Thanks for the feedback about receptor clearing. I've seen anecdotal stuff saying it takes longer to get benefits when you stop and restart GLP-1s. Glad to hear that's probably not true.

Tirz it is, then. To keep things simple, I won't dose two products at once unless I need to reconsider Cagri later.

The info I saw also said Cagri helps with diabetes management.

Thanks again! This decision-making is a pain.
 
I agree with meal-prep-pro... Might as well switch over to Tirz. It sounds like your body has adjusted to the sema.
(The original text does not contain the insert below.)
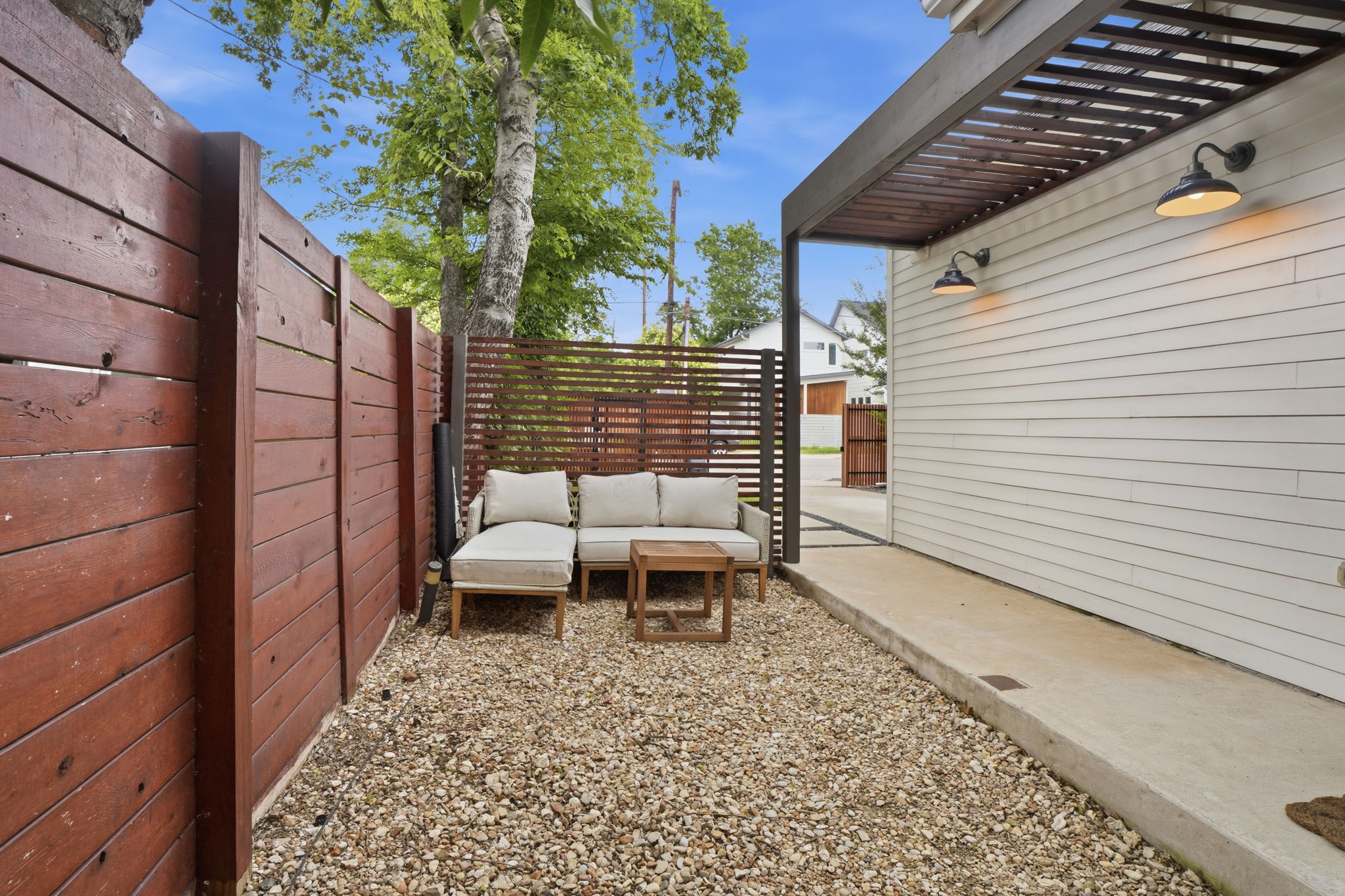 4609 Sara Drive, Unit B Austin, TX 78721 - Photo 5 of 39 A tranquil outdoor sitting area with privacy fencing, perfect for quiet enjoyment.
I've heard about people staying on low doses of sema successfully for a while, so that's an option too. Saw someone online say they "stayed on 0.5 for about a year, and I have gone down to 0.25 for the last few months! It’s been slow but it feels good knowing it will likely be easier to sustain long term."
 
Just a heads-up based on what ThinLizzie said: tirzepatide is a dual GIP and GLP-1 receptor agonist, while semaglutide is *only* a GLP-1 receptor agonist. That difference in mechanism is why many find tirzepatide more effective. Something to keep in mind as you transition, CoolMom559.
 
Started October down 30. Try to stick to trial schedule. Just hit 8 rough. Burning burps and bad issues. Splitting to 4 twice a week this week.